Mientras los esperaba, pues no es que se pusiera a hacer turismo propiamente; mientras veía y contemplaba el panorama de ese tiempo -moderno para él, claro, porque en Atenas era donde estaba la cultura, el mundo civilizado de los atenienses- se da cuenta que era una cultura alejada de Dios donde había, por ejemplo, presencia de ídolos, donde había confusión; y su espíritu se consume en ese celo por las almas y en ese celo por amor a Dios.
No puede caber en el hombre que ama Dios indiferencia ante el error porque estaríamos aceptando que las almas no te conozcan, no te traten, no te amen y que se puedan perder.
¿Y entonces qué hace san Pablo? Busca la ocasión para darles a conocer al Dios verdadero.
«Entonces va al areópago
(donde se reunían los atenienses para sus coloquios, disputas intelectuales)
diciendo: “Ciudadanos atenienses, veo que sois muy religiosos porque al pasar mirando las estatuas de vuestros dioses, he encontrado un altar con esta inscripción: «Al dios desconocido». Pues ese dios que vosotros adoráis sin conocerle es el que yo vengo a anunciaros»
(Hch 17, 22-23).
¿Qué tal ese proemio, ese prólogo de san Pablo? ¡Estupendo, fantástico! Se abre a los atenienses; les da la oportunidad y la posibilidad de predicarles a Jesucristo, de hablarles de Jesucristo, de dar doctrina.

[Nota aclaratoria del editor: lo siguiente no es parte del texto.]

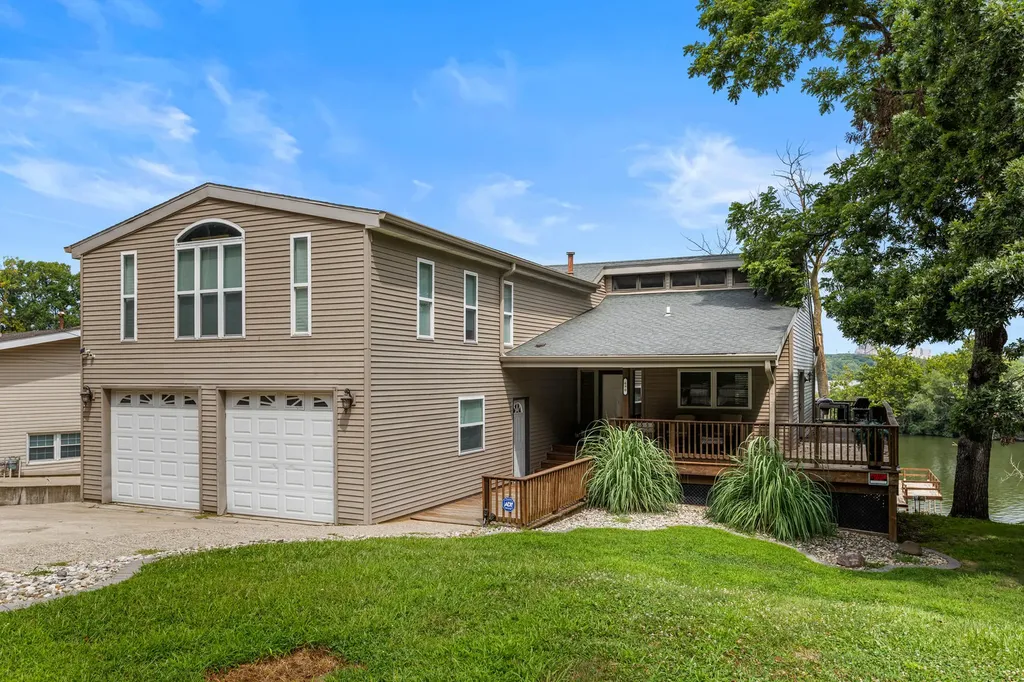 690 North Cove Court Decatur IL 62521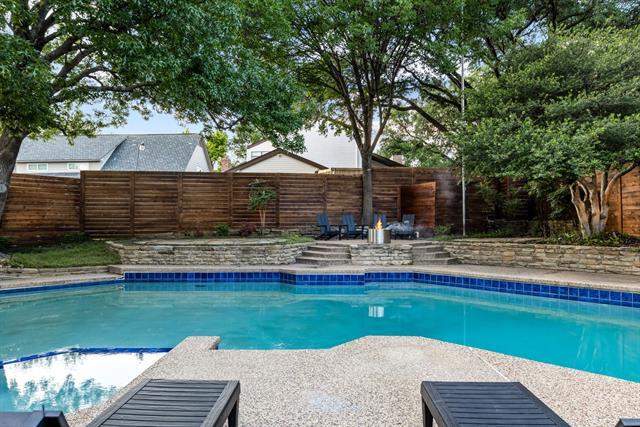 Building Photo - 9415 Hill View Dr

Jesús, ahora nosotros que estamos haciendo oración, qué bueno poder hablar de Ti qué bueno poder dar doctrina, qué bueno poder tener la ocasión de no callarnos la verdad, ni que los respetos humanos, ni que las diferencias de cultura, ni de lengua de raza, ni la indiferencia o aparente frialdad de algunos, que nada de eso nos puede apartar de la necesidad que tenemos Jesús, de hablar de Ti, de que muchos te puedan conocer.
Como Pablo, cada uno de nosotros ha de sentir por encima de todo, la urgencia del apostolado. Claro, somos apóstoles, seguidores de Jesucristo. Porque entre esos deberes que nos unen con Dios y con la Iglesia, hay uno que es principal: procurar defender las verdades cristianas y también refutar un poco los errores.
No es que estemos todo el día debatiendo y defendiendo… ¡no! Donde haya amistad, donde haya amabilidad, donde haya trato natural con nuestros iguales…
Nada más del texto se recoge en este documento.